TASK PROMPT:
Below are the records; repeat exactly their lines between the line holding "Mil-Tec Folding Binoculars 10x25, Black" and the line holding "Koeler Inter-Tech vloeistofkoeling", inclusive, skipping the pictures.

THE DATA:
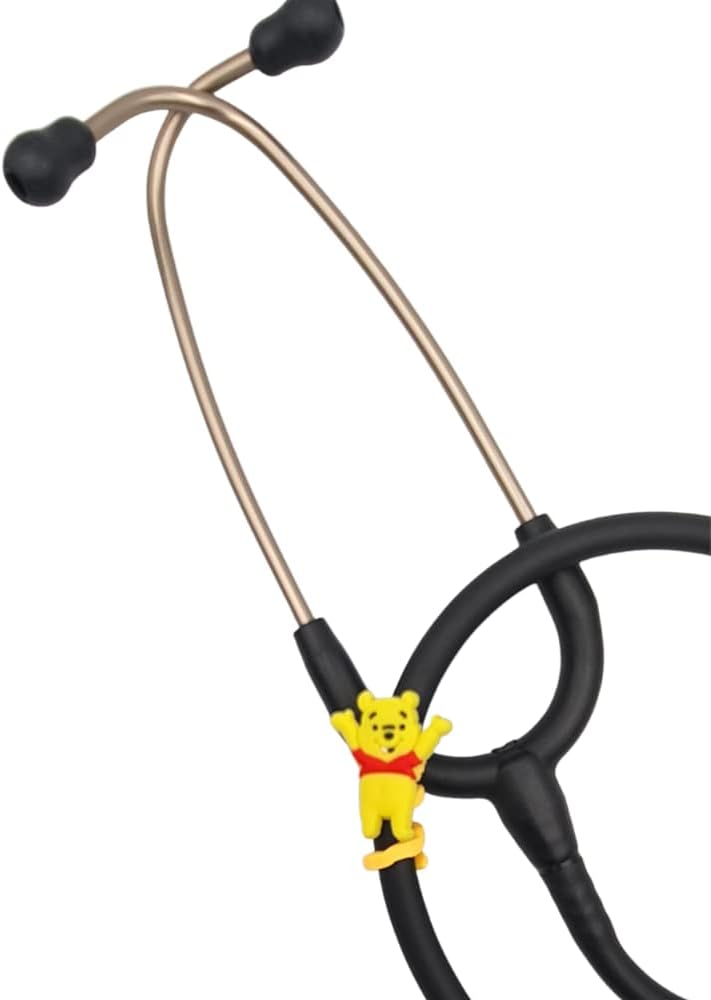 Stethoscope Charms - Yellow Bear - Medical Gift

* * *

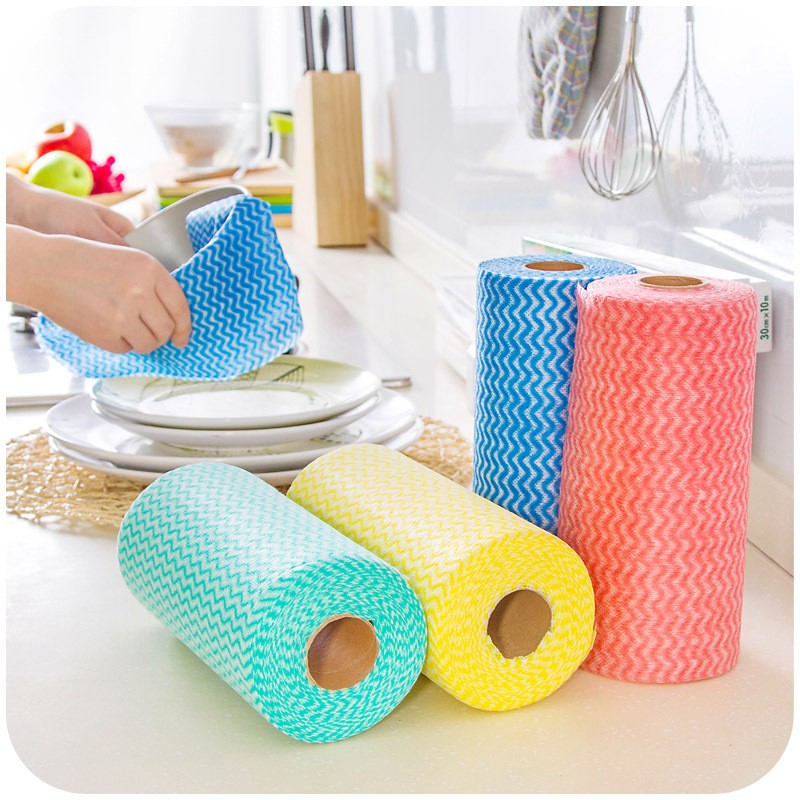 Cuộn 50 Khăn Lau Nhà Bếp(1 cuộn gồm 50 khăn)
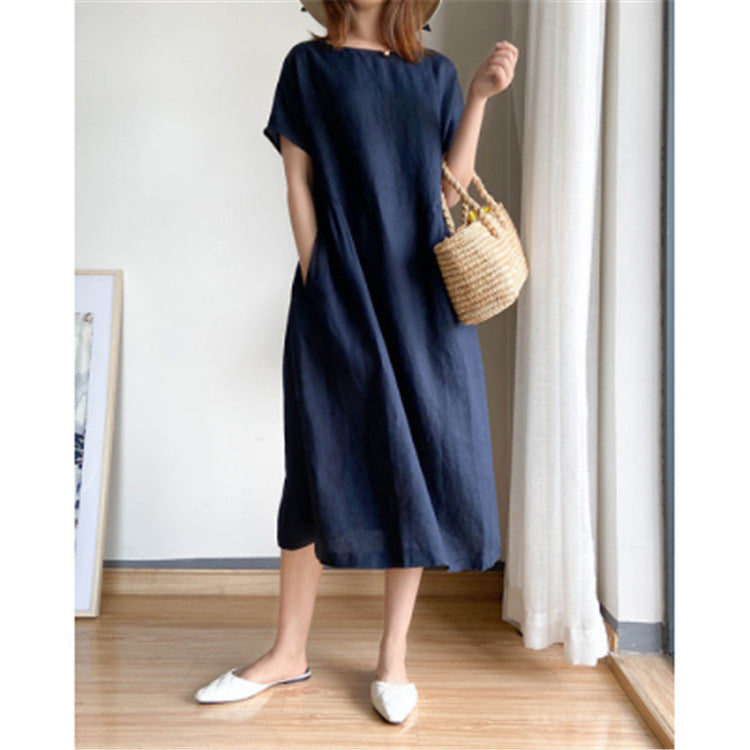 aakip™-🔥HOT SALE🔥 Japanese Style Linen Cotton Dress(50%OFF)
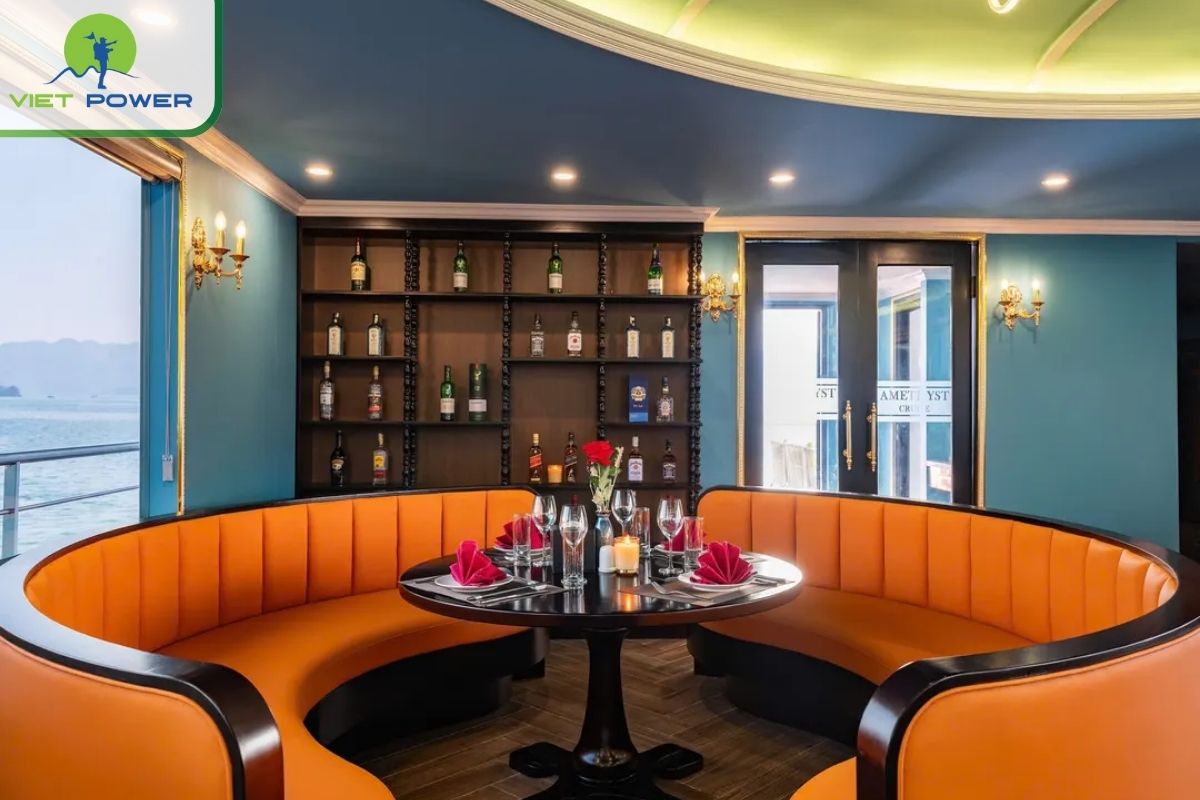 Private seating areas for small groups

--

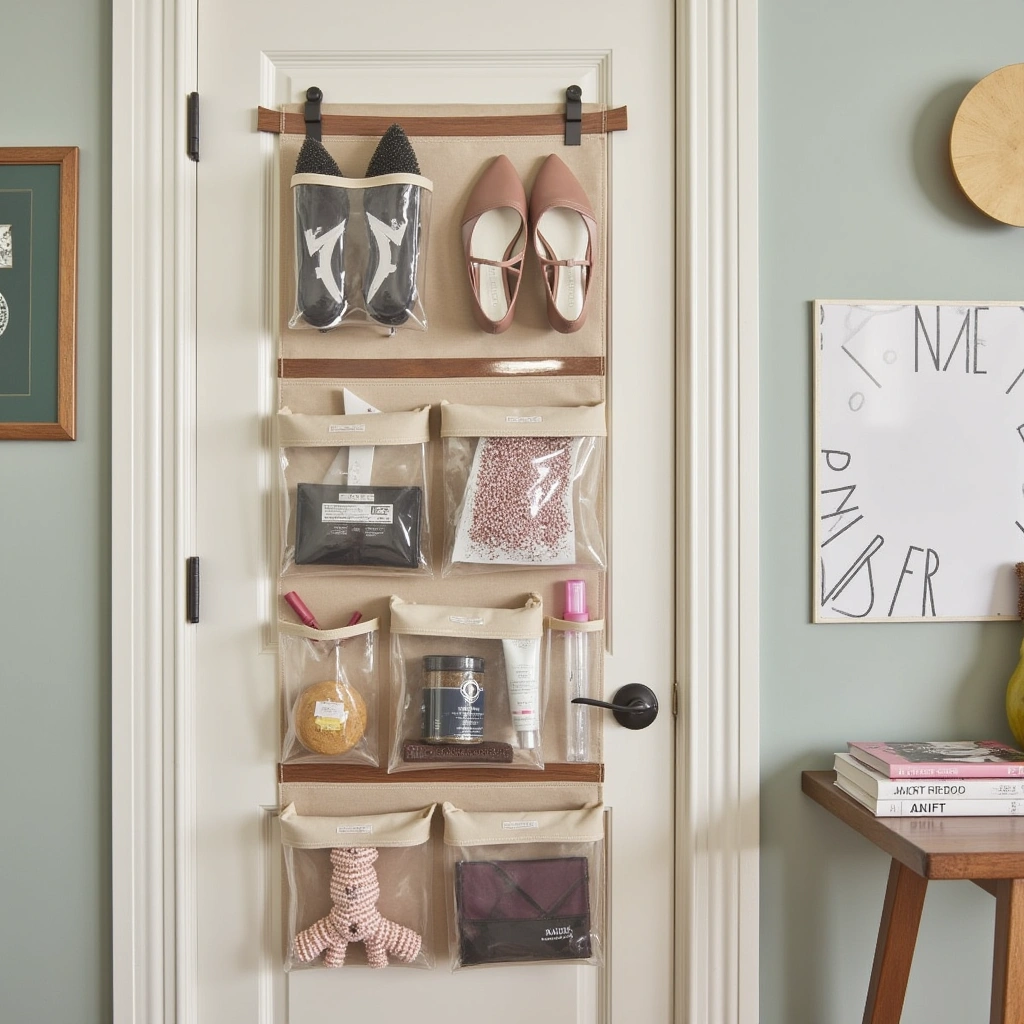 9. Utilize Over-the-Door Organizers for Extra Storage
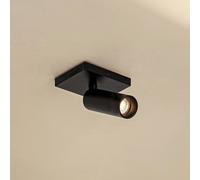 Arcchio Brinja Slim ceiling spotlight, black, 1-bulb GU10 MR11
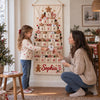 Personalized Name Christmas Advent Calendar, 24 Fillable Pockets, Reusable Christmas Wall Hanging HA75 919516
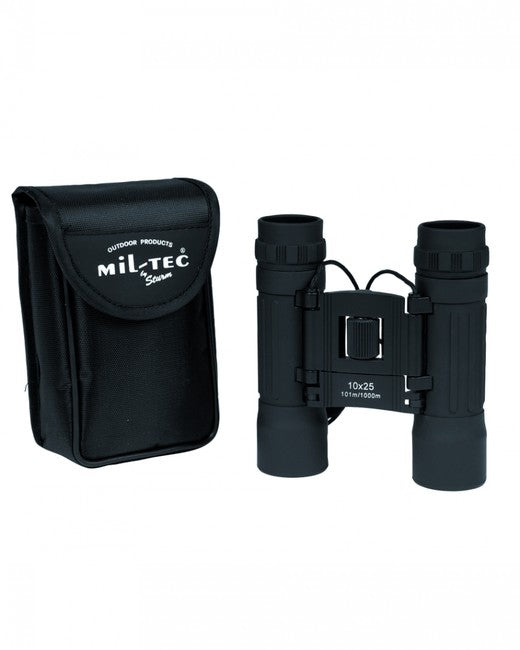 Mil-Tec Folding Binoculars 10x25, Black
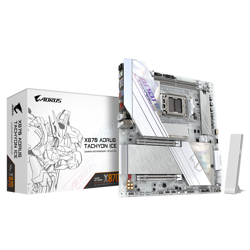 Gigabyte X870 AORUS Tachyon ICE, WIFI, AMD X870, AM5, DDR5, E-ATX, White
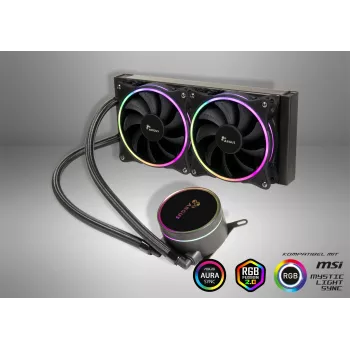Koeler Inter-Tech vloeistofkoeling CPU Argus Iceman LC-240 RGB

TASK RESPONSE:
 Mil-Tec Folding Binoculars 10x25, Black
 Gigabyte X870 AORUS Tachyon ICE, WIFI, AMD X870, AM5, DDR5, E-ATX, White
Koeler Inter-Tech vloeistofkoeling CPU Argus Iceman LC-240 RGB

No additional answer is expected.